Fuel cells have the potential to be a clean and efficient way to run cars, computers, and power stations, but the cost of producing them is limiting their use. That’s because a key component of the most common fuel cells is a catalyst made from the precious metal platinum.
In a paper published today in Small, researchers at the University of California, Riverside, describe the development of an inexpensive, efficient catalyst material for a type of fuel cell called a polymer electrolyte membrane fuel cell (PEMFC), which turns the chemical energy of hydrogen into electricity and is among the most promising fuel cell types to power cars and electronics.
The catalyst developed at UCR is made of porous carbon nanofibers embedded with a compound made from a relatively abundant metal such as cobalt, which is more than 100 times less expensive than platinum. The research was led by David Kisailus, the Winston Chung Endowed Professor in Energy Innovation in UCR’s Marlan and Rosemary Bourns College of Engineering.
Fuel cells, which are already being used by some carmakers, offer advantages over conventional combustion technologies, including higher efficiency, quieter operation and lower emissions. Hydrogen fuel cells emit only water.
Like batteries, fuel cells are electrochemical devices that comprise a positive and negative electrode sandwiching an electrolyte. When a hydrogen fuel is injected onto the anode, a catalyst separates the hydrogen molecules into positively charged particles called protons and negatively charged particles called electrons. The electrons are directed through an external circuit, where they do useful work, such as powering an electric motor, before rejoining the positively charged hydrogen ions and oxygen to form water.
A critical barrier to fuel cell adoption is the cost of platinum, making the development of alternative catalyst materials a key driver for their mass implementation.
Using a technique called electrospinning, the UCR researchers made paper-thin sheets of carbon nanofibers that contained metal ions — either cobalt, iron or nickel. Upon heating, the ions formed ultrafine metal nanoparticles that catalyzed the transformation of carbon into a high-performance graphitic carbon. Subsequently, the metal nanoparticles and residual nongraphitic carbon were oxidized, leading to a highly porous and useful network of metal oxide nanoparticles dispersed in a porous network of graphite.
Kisailus and his team, collaborating with scientists at Stanford University, determined that the new materials performed as good as the industry standard platinum-carbon systems, but at a fraction of the cost.

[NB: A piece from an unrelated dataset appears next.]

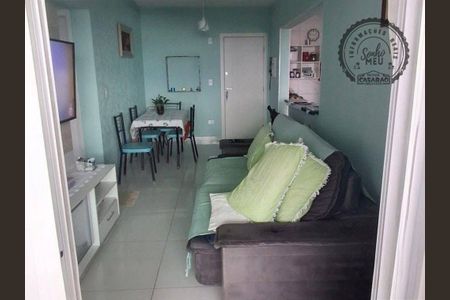 28_photo/94ce20eed9.cfe33817eb2042ac-ATLAS-9652b7a8-7460-4dc9-99e2-863f575ba6eb.jpg de apartamento à venda com 2 quartos, 72m² em Balneario Flórida, Praia Grande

“The key to the high performance of the materials we created is the combination of the chemistry and fiber processing conditions,” Kisailus said. “The remarkable electrochemical properties were primarily attributed to the synergistic effects obtained from the engineering of the metal oxide with exposed active sites and the 3D hierarchical porous graphitic structure.”

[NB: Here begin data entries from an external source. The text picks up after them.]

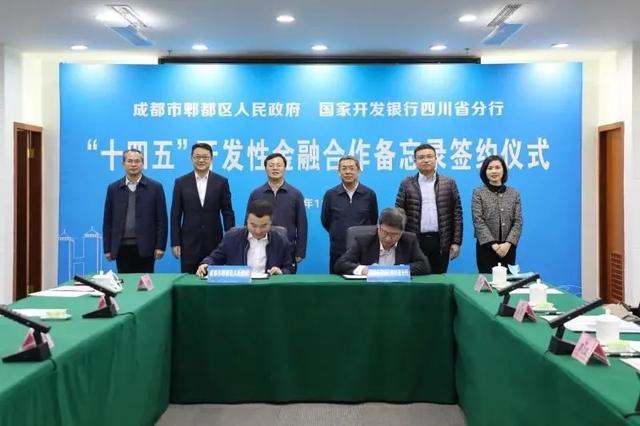 旭日东升有喜气是什么生肖:马上为你揭晓落实 旭日东升有喜气是什么生肖:马上为你揭晓落实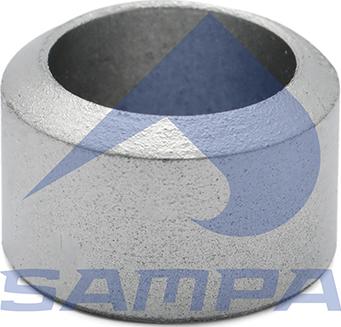 Sampa 046.329 - Etansare, supape aaoparts.ro
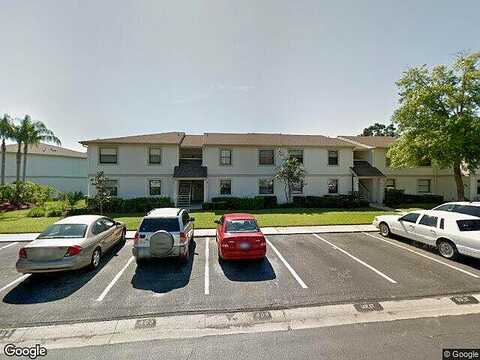 Windward, OLDSMAR, FL 34677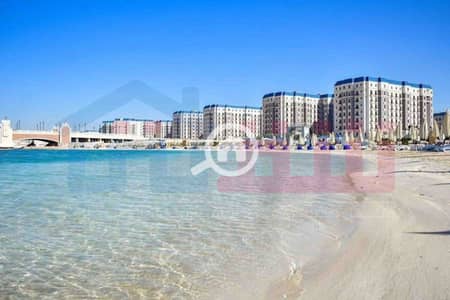 Studio for Sale in North Coast, Matruh - WhatsApp Image 2025-07-23 at 1.14. 50 PM (3). jpg Studio for Sale in North Coast, Matruh - WhatsApp Image 2025-07-23 at 1.14. 50 PM (3). jpg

Kisailus said an added benefit of the catalytic nanocomposite was that its graphitic fiber nature provided additional strength and durability, which would enable it to serve as both a fuel cell catalyst and potentially as a structural component.
“An important challenge in making high-performance vehicles is reducing weight, both from the body of the vehicle as well as extra weight from the battery or fuel cell, without affecting safety or performance,” he said. “The material we created may enable automakers to turn structural components, such as the hood or the chassis, into functional elements that help power cars.”
The title of the paper is “Electrocatalytic N-Doped Graphitic Nanofiber – Metal/Metal Oxide Nanoparticle Composites.” The lead authors are Hongjie Tang, a post-doctoral student in Kisailus’ lab at UCR, and Wei Chen from Stanford University. Other contributors include Jiangyan Wang from Stanford University, as well as Thomas Dugger and Luz Cruz from UCR.